De vuelta en la residencia Ketchum. Todos en la casa estaban durmiendo, luego de una agradable cena, donde los hermanos Ketchum mostraron una habilidad interesante, que los que los conocían les gustaba llamar "Apetito Colectivo," donde los tres parecían tener la misma cantidad de hambre, por el mismo tipo de comida y comer la misma cantidad, si uno no se saciaba los otros dos tampoco podrían hacerlo.

Eran cuatro habitaciones más el ático de la casa. Así que se dividieron de la siguiente manera. Brock dormía junto con Ash, en un futón dentro de su habitación; Red dormiría en su propia habitación; Dawn en la habitación de invitados, y aunque podía dormir con Crystal, ella dormiría en la habitación de Gold como era habitual, y aunque al principio esto se podría prestar para malas interpretaciones, cabe explicar que Gold dormiría en el sofá de la sala por orden de su madre, podría confiar a cualquiera de sus hijos compartir habitación con una chica en su casa, menos a Gold.

Ya era muy tarde, y todos dormían tranquilamente, excepto Ash, quien parecía estar teniendo otra pesadilla.

El chico se revolvía entre sus sabanas. Se movía de un lado a otro, como queriendo escapar.

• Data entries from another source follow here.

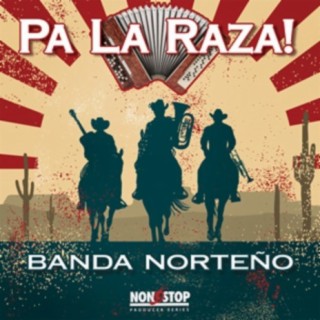 Pa La Raza!: Banda Norteño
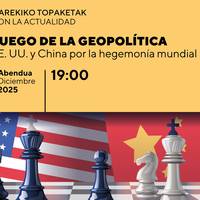 Gaurkotasunarekiko topaketak Bidebarrieta Kulturgunean: EL GRAN JUEGO DE LA GEOPOLÍTICA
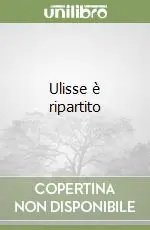 Ulisse è ripartito Reso Gratuito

Sudaba bastante a pesar que la noche estaba fresca, de su frente todavía se escurrían muchas gotas de sudor. Su rostro hacía varias muecas, como si estuviese esforzándose, en ocasiones apretaba la mandíbula, como si quisiera evitar gritar.

—Desaparecer…— murmuró.

Estaba cada vez más intranquilo. Su respiración estaba siendo agitada, inhalaba y exhalaba como si le faltara el aire.

—Ash…—

No parecía una simple pesadilla, algo dentro de su sueño le estaba atemorizando.